Later in the evening and just two miles to the SW of this location, I recorded the other species of Gray Treefrog, Cope's Gray Treefrog (Hyla chrysoscelis) calling next to a flooded ditch. It calls four times in this recording as a dry trill/rattle. You will also hear Southern Leopard Frogs (Lithobates sphenocephalus - the chuckling) and Strecker's Chorus Frogs (Pseudacris streckeri - the metallic tinking).
In this second recording you can hear how much drier and more rattling the trill of the Cope's Gray Treefrog is.
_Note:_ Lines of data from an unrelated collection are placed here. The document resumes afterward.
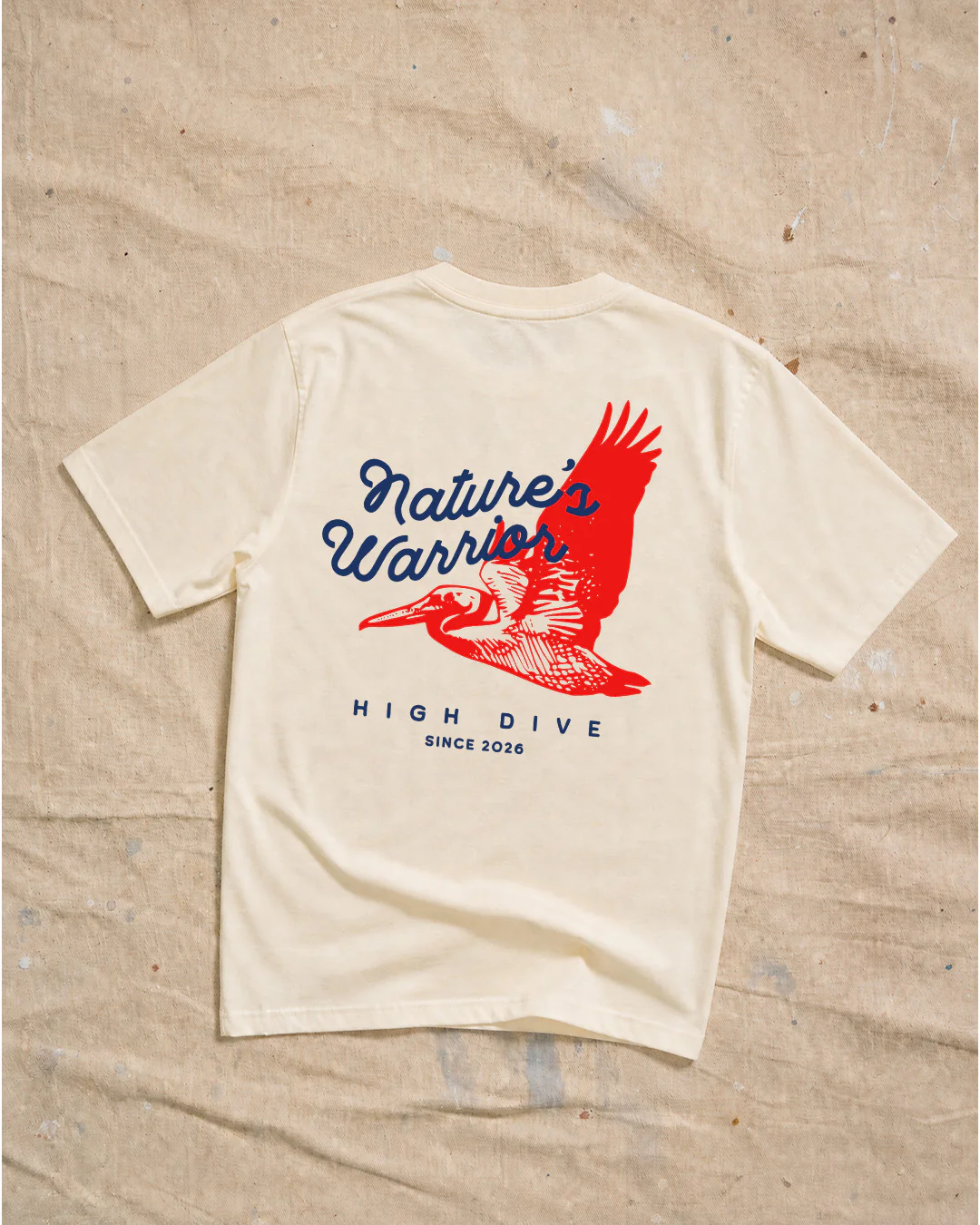 MEN'S NEW DROP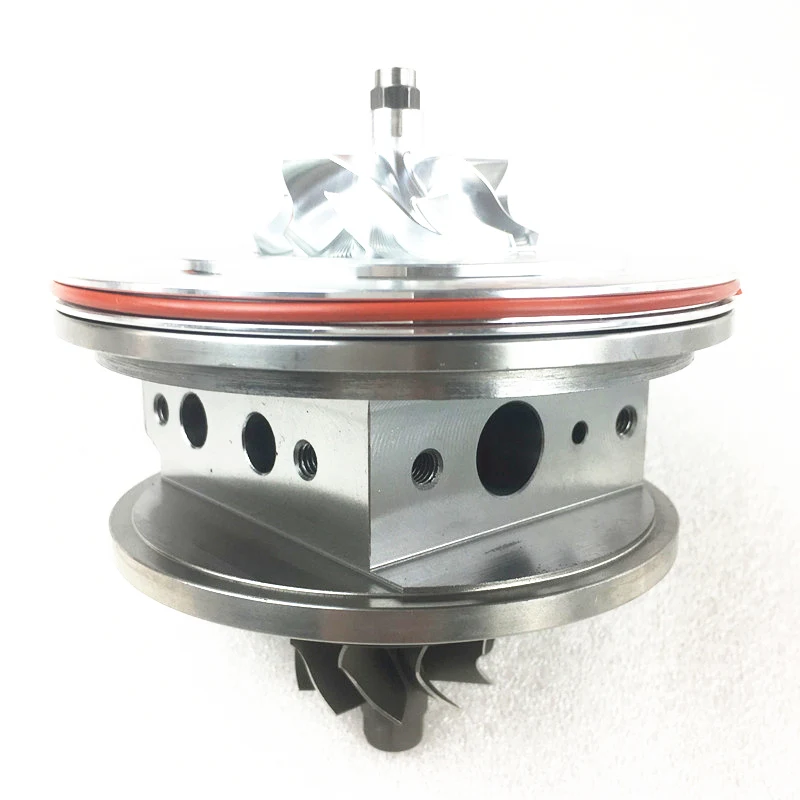BV45 Turbocharger CHRA cartridge core 53039700338 53039880262 144115X30B used for Nissan 2.... 5 dci D40 YD25 engine
BV45 Turbocharger CHRA cartridge core 53039700338 53039880262 144115X30B used for Nissan 2.... 5 dci D40 YD25 engine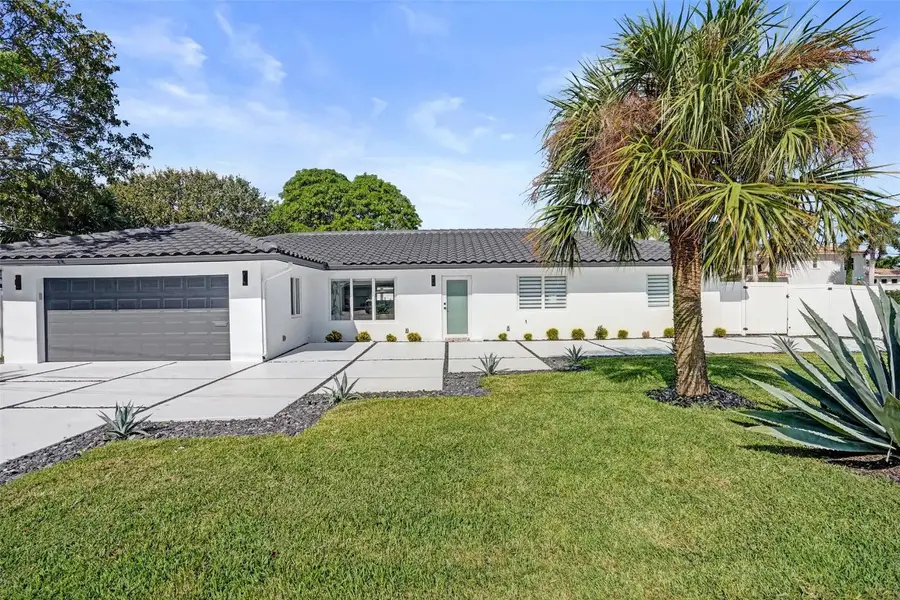 699 NE 70th Street, Boca Raton, FL 33487 - #2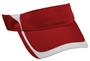 OC Sports Bamboo Charcoal Visor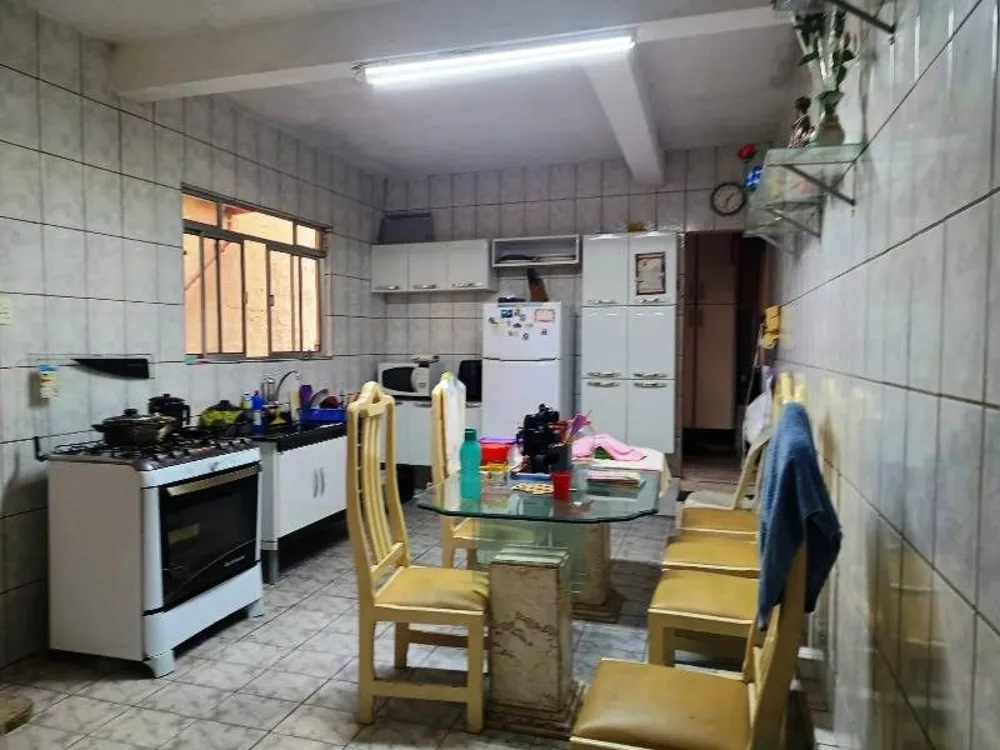 Sobrado, 4 quartos, 183 m² - Foto 5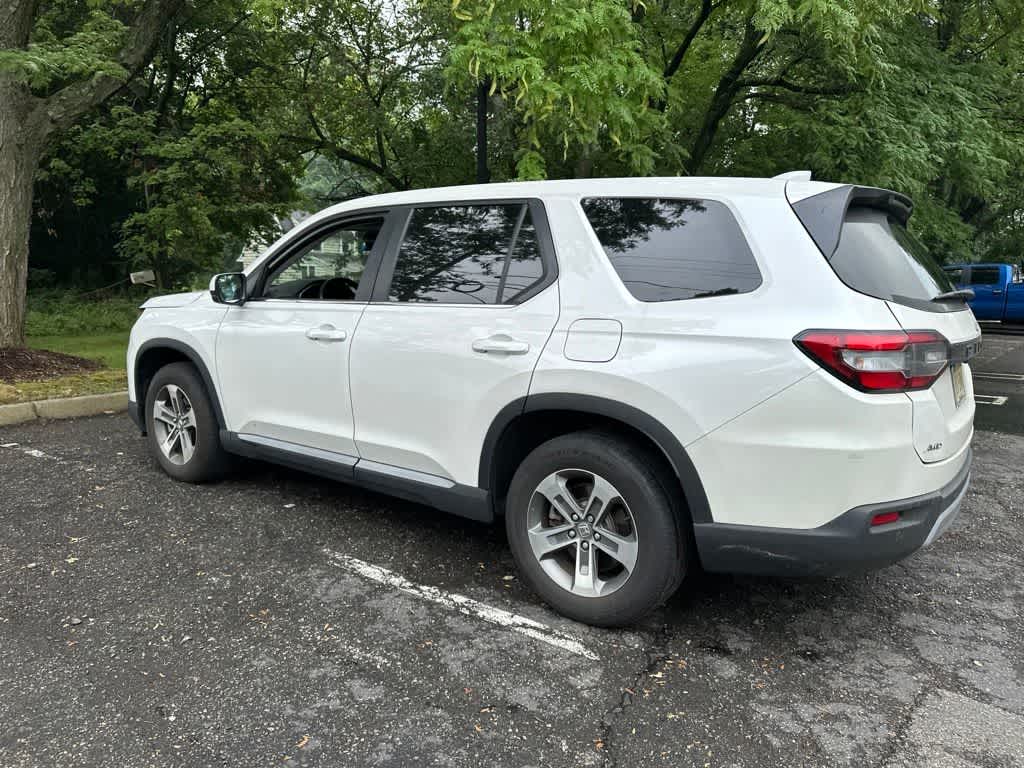 2023 Honda Pilot EX-L 7 Passenger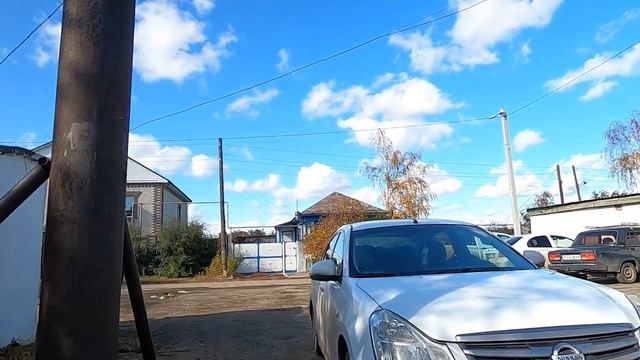 Костанай, Костанай улица Дулатова в прошлом улица 50 лет Октября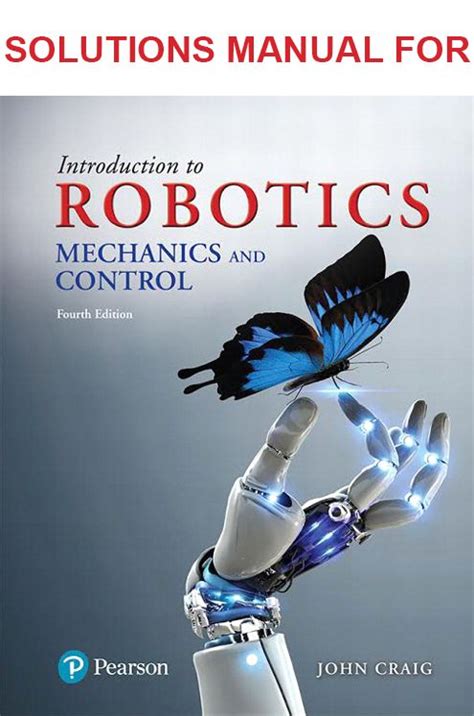 Introduction To Robotics Mechanics And Control Solution Doc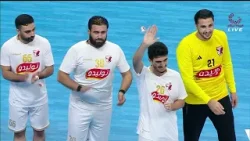 مباراة الشباب السوري × الكويت الكويتي - البطولة العربية الـ 40 لكرة اليد 2025 - 16/9/2025 مباراة الشباب السوري × الكويت الكويتي - البطولة العربية الـ 40 لكرة اليد 2025 - 16/9/2025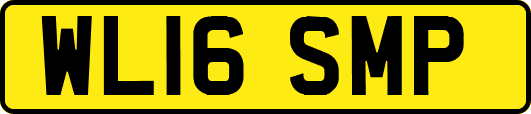 WL16SMP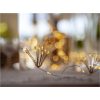 Ljusslinga Flower Varmvit Star Trading – miniatyr 3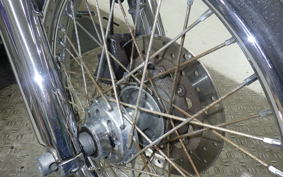HARLEY FXDWG 1580 2007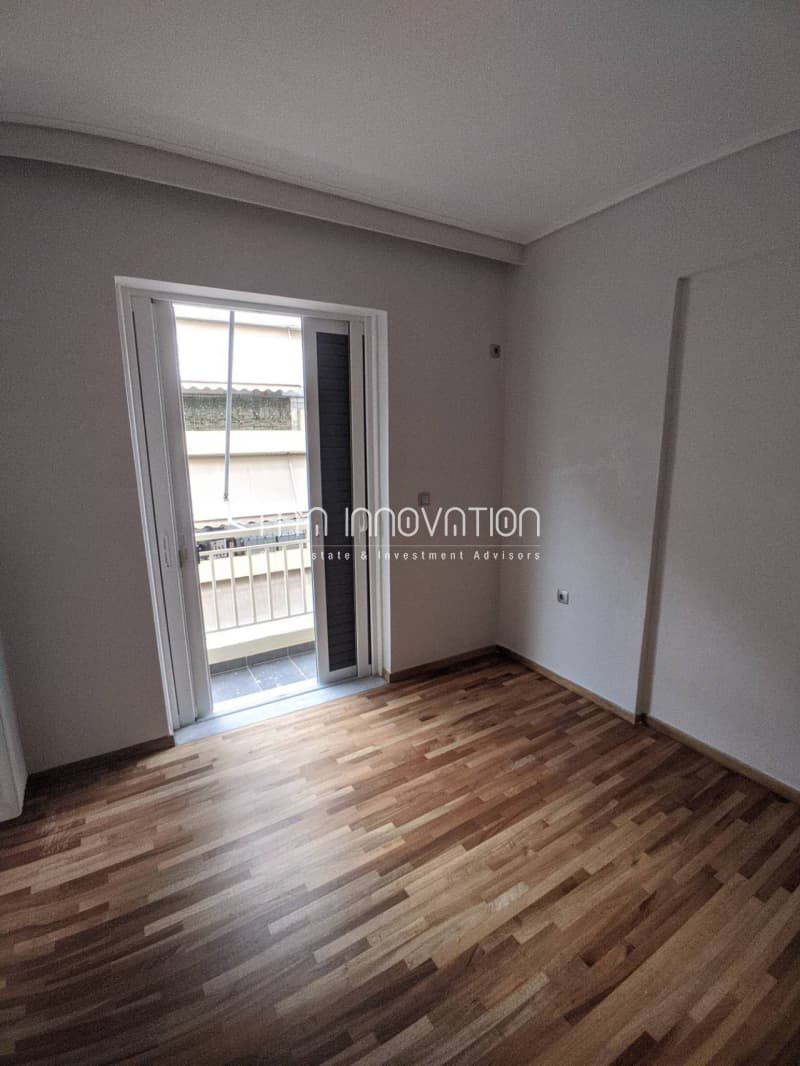 Apartment in Nea Elvetia, Vironas — Photo 5 of 8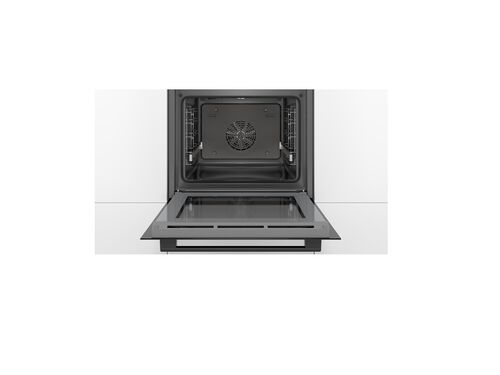 FORNO A VAPOR BOSCH INOX A 71L 3600W HRA5380S1 image number 1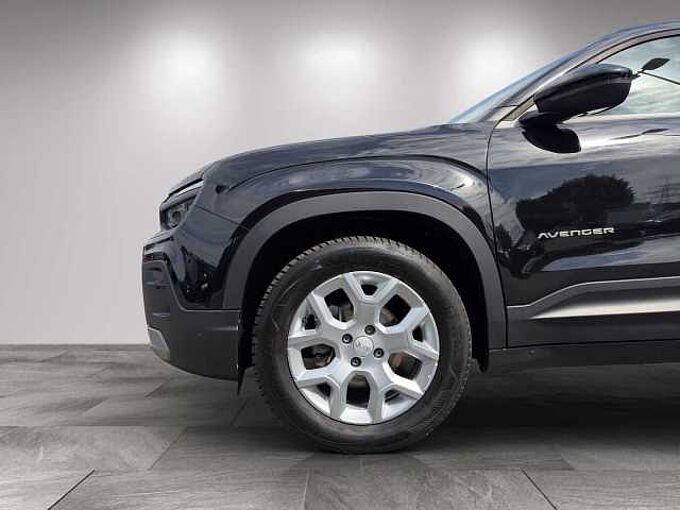Jeep Avenger Altitude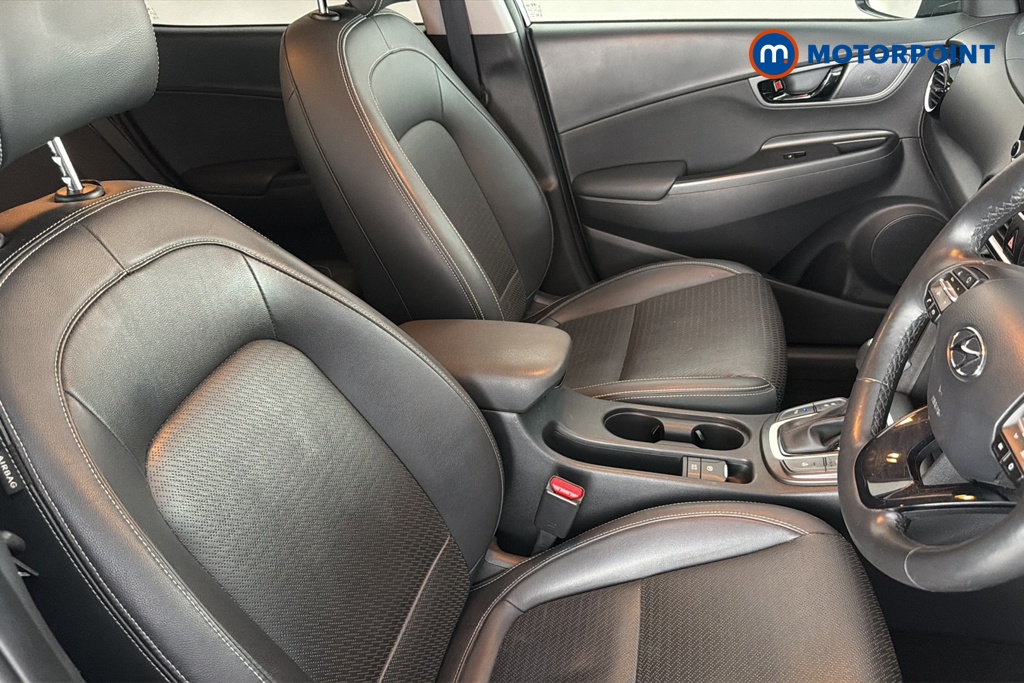 Hyundai Kona Premium Se Automatic Petrol-Electric Hybrid SUV - Stock Number (1659016) - 22nd supplementary image
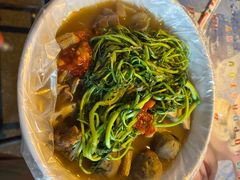 -伙记牛杂糖水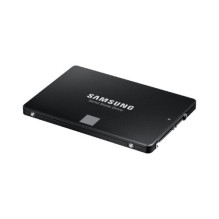 Samsung 870 EVO / 1 TB / SSD / 2,5" / SATA / 5R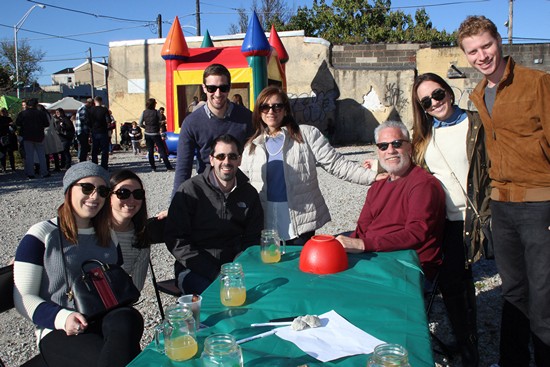 Made on American Street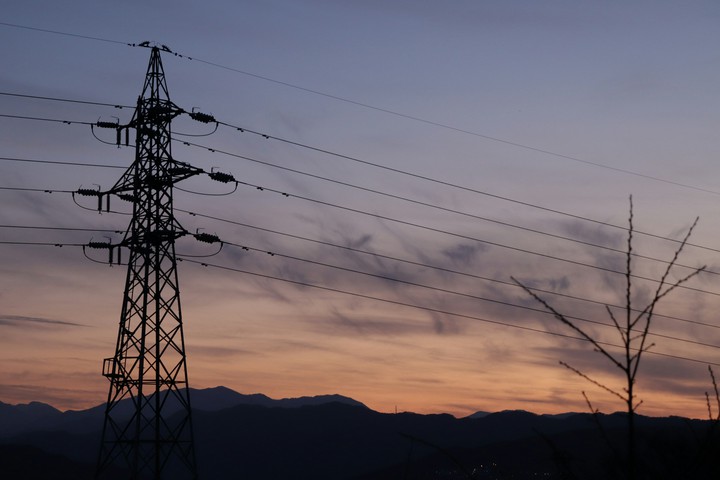 telegraph pole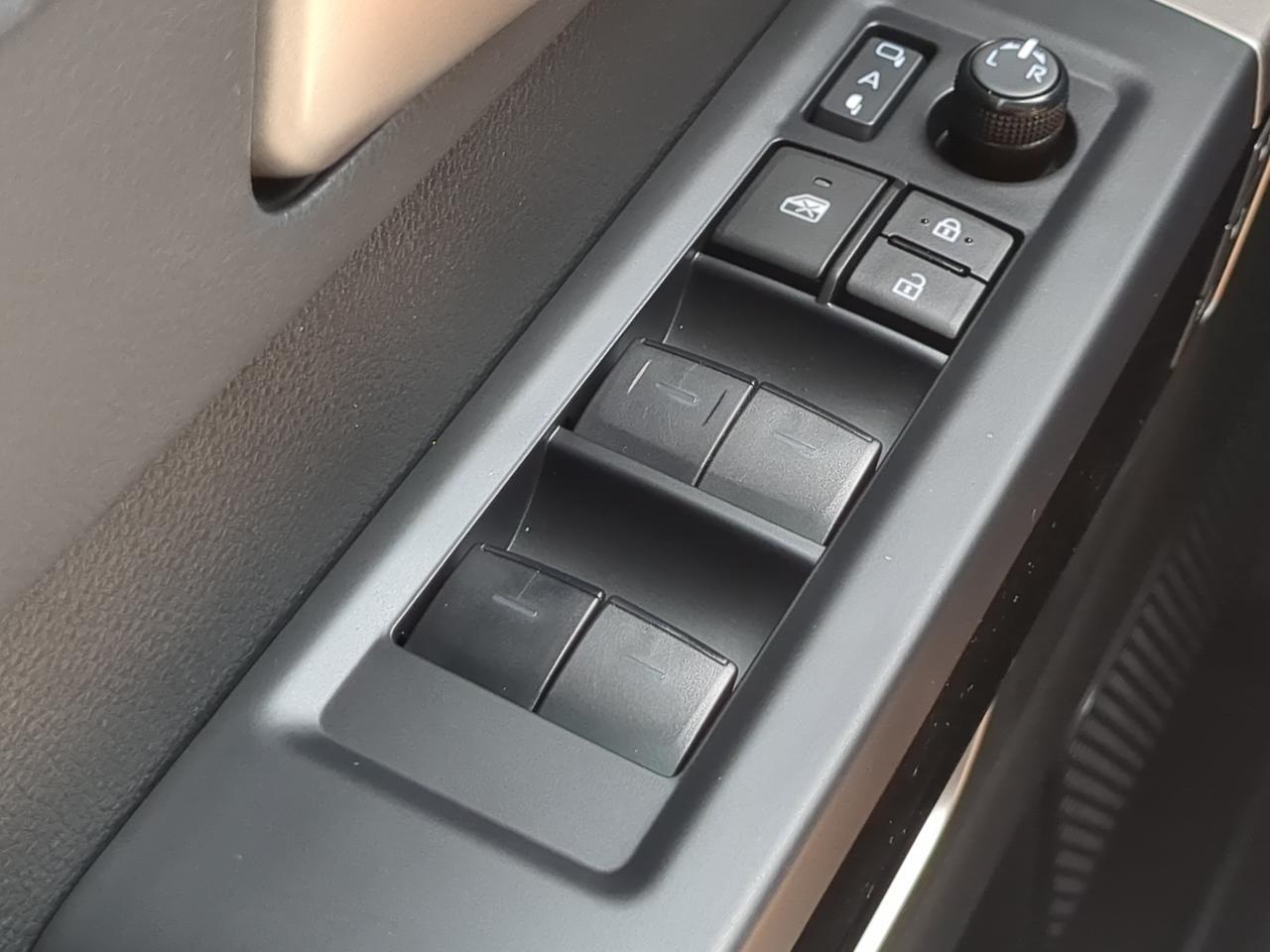 2024 Toyota Tundra 4WD Limited Winder GA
But trill rate (pulse frequency) varies with temperature so you have to consider the temperature when identifying Gray Treefrogs by call. In this case, the temperature was roughly the same at both locations (~64°F) and so they are directly comparable. [EDIT - in hindsight and after some more experience with both species, I am not 100% confident in my ability to confirm this as Hyla chrysoscelis. I'm pretty sure, just not 100%. It could just be a weird H. versicolor?]
The Cope's Gray Treefrog (H. chrysoscelis) had a consistent pulse frequency for the few minutes I recorded of 30 pulses per second. All of the many Gray Treefrogs (Hyla versicolor) I heard that night had pulse frequencies ranging between 16 and 18 pulses per second.
Unfortunately, I did find a few Gray Treefrogs on the road which is what is in the photo above. I have a strong feeling that these were Hyla versicolor, but I couldn't say for sure since they weren't actually calling!